Task goal: Look below for the line that contains "It is that simple", then quote it and all the lines after it, exactly, with the pictures left out.

Stored items:
——————————

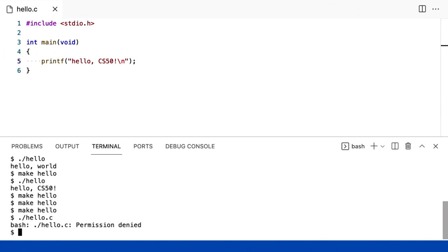E assim, aqui temos agora um programa que simplesmente imprime algo na tela. Então, vamos colocar isso no contexto de onde paramos da última vez, no contexto do Scratch e das entradas e saídas.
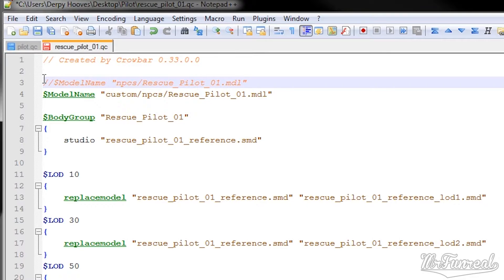Since you want to compile a different model, the body group line has to be changed. There are three different ways of adding a reference SMD mesh to a model: the body, body group, and model command. The body command is used for a simple model, best used for props. The body group command is used for compiling a model with multiple body variants. The model command is used for complex models — models with face flexes and eye tracking, mostly used for character models. However, every one of those commands can compile a basic model. I myself prefer the model command. Links to the official Valve Developer Wiki pages for those commands are in the description below.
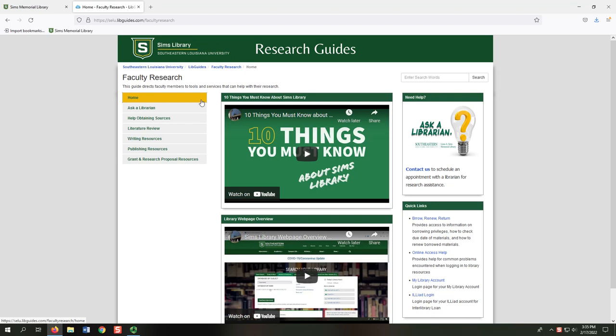The Home tab provides two introductory videos to SIMS Library, a link to our Ask a Librarian service, and quick links to various logins and tools from the library website.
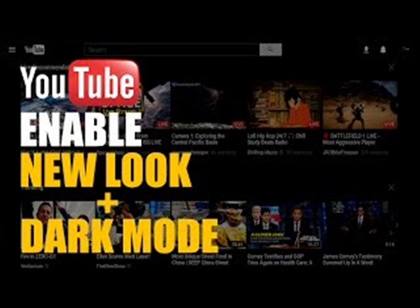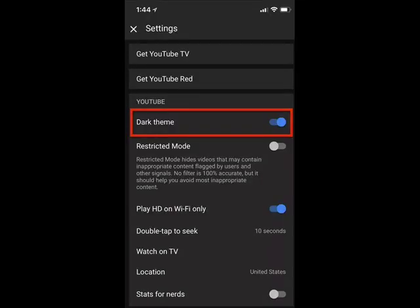It is also rolling out to Android devices as well. Let me show you how to enable it on your operating system. First, launch the YouTube app and tap your account icon in the top right corner. Then go to Settings and toggle on Dark Theme.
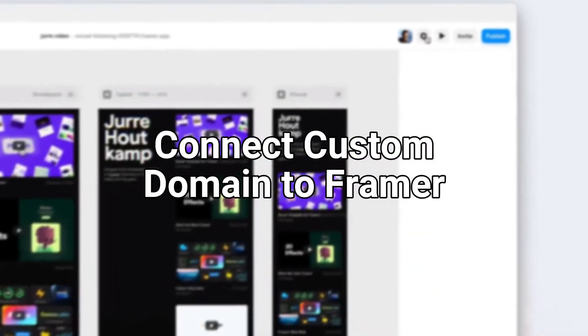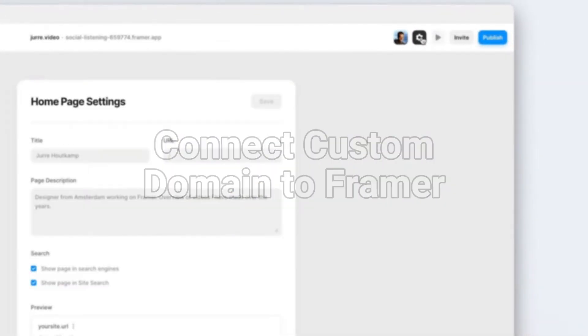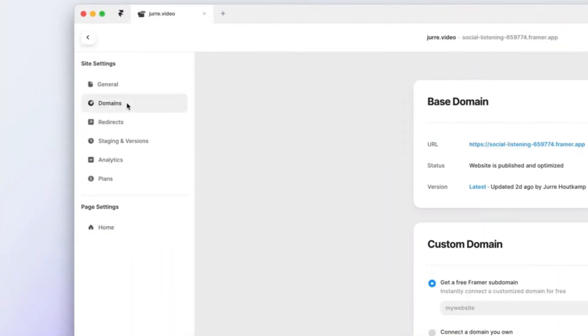Today I'll show you how to connect a custom domain to your Framer website. Navigate to your project settings and click on domain.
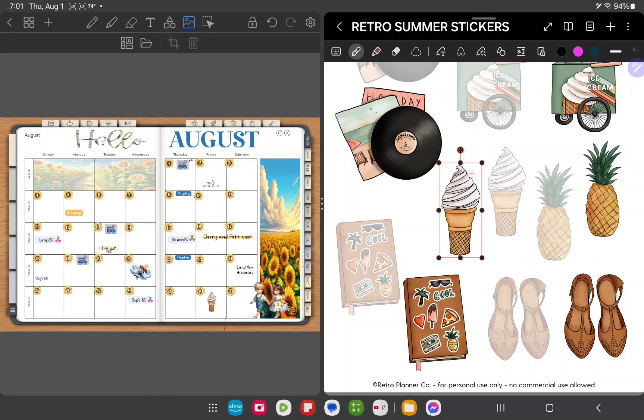It is that simple using the sticker books that Retro Planner Co. provides with their bundle. Happy planning!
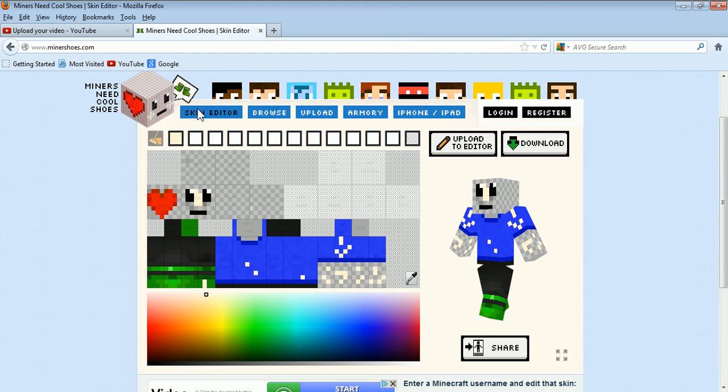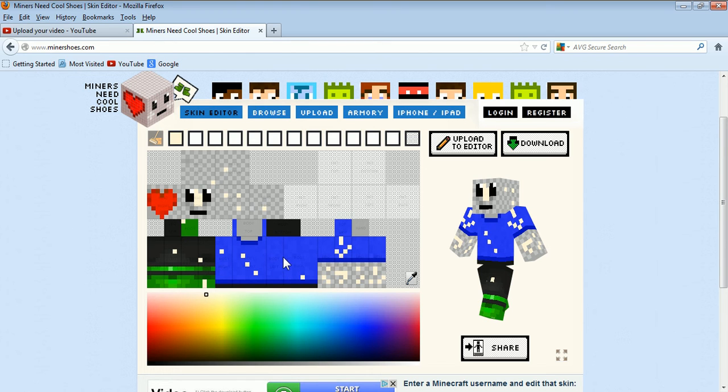So yeah, the link is minershoes.com. The link is in the description.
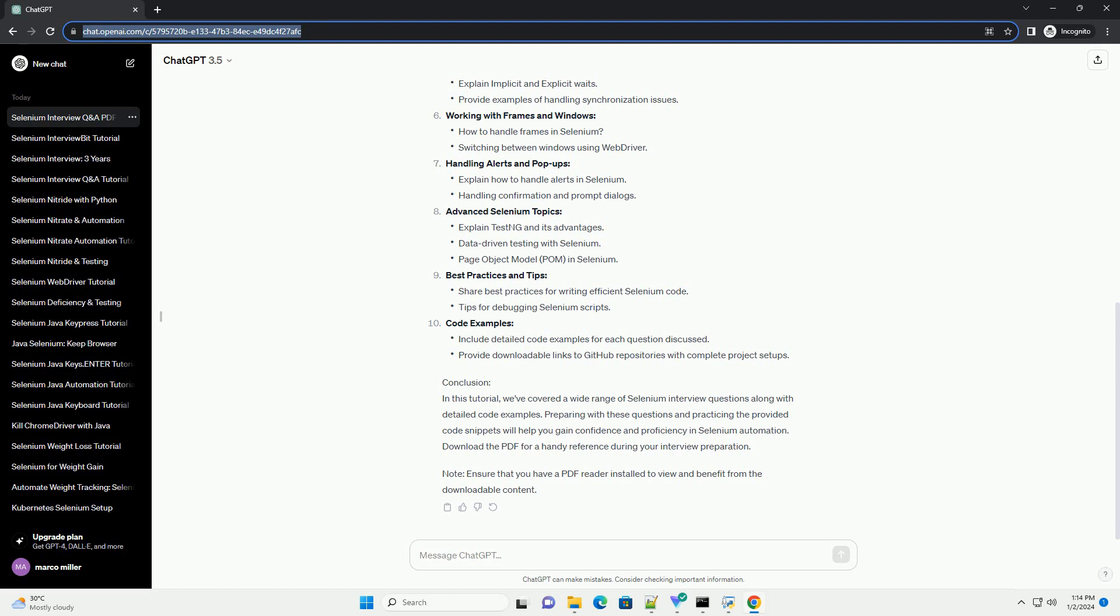Note: Ensure that you have a PDF reader installed to view and benefit from the downloadable content.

——————————

Your response:
It is that simple using the sticker books that Retro Planner Co. provides with their bundle. Happy planning!
So yeah, the link is minershoes.com. The link is in the description.
Note: Ensure that you have a PDF reader installed to view and benefit from the downloadable content.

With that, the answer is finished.